Hay pérdidas que no se pueden identificar porque jamás tocan el plano de lo consciente, otras que se aceptan con resignación y unas pocas que dejan una huella indeleble en la memoria. La desaparición de un objeto cotidiano, por banal que parezca, introduce una grieta en la continuidad de la existencia. No se trata sólo del extravío material, sino del quiebre en la lógica de lo habitual: un libro que no está en su estante, una llave que pareciera haberse desvanecido en el aire, una carta cuya ausencia se advierte demasiado tarde. En estos casos, la pérdida no es una cuestión de propiedad, lo es de significado: lo que desaparece no es el objeto en sí, es la certeza de su permanencia.

Existe un instante en el que la mente insiste en que el objeto aún debe estar ahí, que su ausencia es un error momentáneo en la percepción, un desajuste de la mirada. Se revisa el mismo cajón, la misma repisa, la misma bolsa del mismo abrigo con la esperanza absurda de que algo haya cambiado en los últimos segundos, de que la ciega mano que indagó el contenido del bolsillo haya cometido un error. Pero pronto la búsqueda se vuelve una negociación con la memoria: ¿cuándo fue la última vez que lo vi?, ¿qué ruta trazó antes de desvanecerse?, ¿pudo alguien más haberlo tocado? Así, el extravío abre la puerta a la especulación y a la construcción de relatos que intentan explicar lo que escapa a la razón.
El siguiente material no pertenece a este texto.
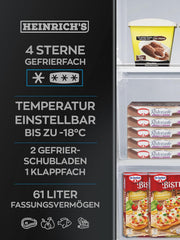 Heinrich´s Gefrierschrank 61Liter -18°C Freezer, 3x Gefrierschublade, 7 Stufen Temperaturregler, Airflow, wechselbarer Türanschlag weiß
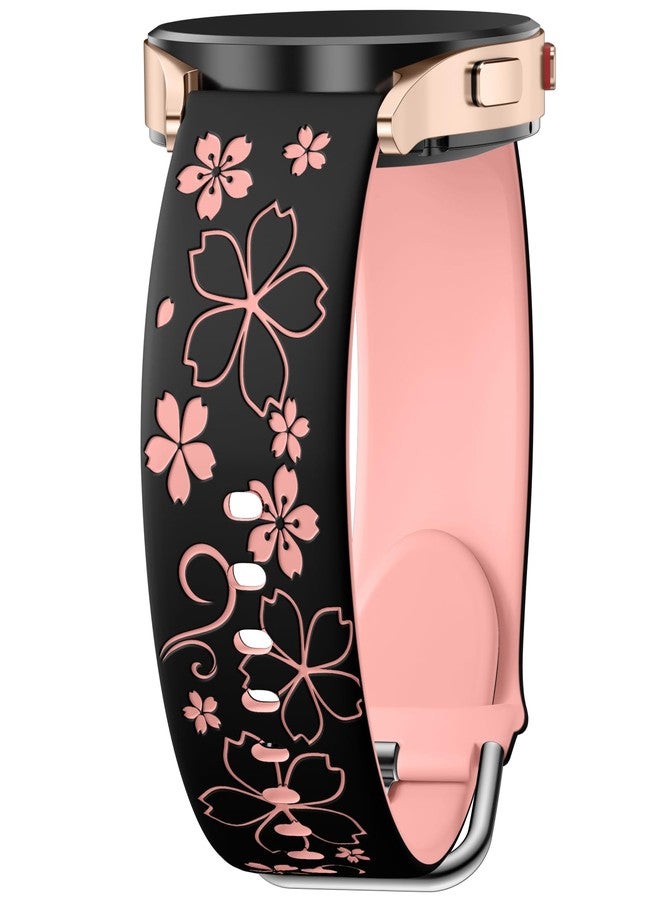 DaQin Floral Engraved Band-Compatible with Samsung Galaxy Watch 7 6 4 5 Band 40mm 44mm Women, 20mm Watch Band Flower Pattern Waterproof Strap for Galaxy Watch 6 4 Classic/5 Pro/Active 2, Black/Pink - Image 1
Walter Benjamin advertía que en toda colección existe un momento de crisis en el que un objeto perdido pone en entredicho la coherencia del conjunto. Algo similar sucede con la memoria: la ausencia de un objeto es, en el fondo, la ausencia de una certeza sobre el pasado. En la lógica de la pérdida, lo irrecuperable no es sólo el objeto, sino la línea invisible que lo conectaba con nosotros, con un tiempo específico, con una versión de nosotros mismos que ya no es.
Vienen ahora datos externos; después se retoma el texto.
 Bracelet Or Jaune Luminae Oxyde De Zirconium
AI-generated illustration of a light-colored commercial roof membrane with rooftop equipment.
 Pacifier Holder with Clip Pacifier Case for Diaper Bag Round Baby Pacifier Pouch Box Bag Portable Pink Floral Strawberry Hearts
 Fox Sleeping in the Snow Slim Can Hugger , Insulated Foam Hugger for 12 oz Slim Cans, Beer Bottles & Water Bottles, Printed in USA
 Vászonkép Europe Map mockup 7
Tal vez, en última instancia, todo objeto está destinado a perderse, quizá nosotros mismos estamos destinados al extravío, claro que es imposible reconocer cuándo o si es que se ha cruzado ese umbral, pero en ese extravío se esconde una poética: los paraguas que nunca vuelven a casa, los lápices que cambian de dueño sin que nadie lo note, los relojes olvidados en cajones ajenos, los recuerdos de amores de juventud. En esa errancia, lo perdido adquiere una vida secreta, inexplicable, una existencia paralela a la nuestra, donde sigue teniendo un lugar, aunque no sabemos ni dónde se encuentra, ni si este lugar es un espacio físico.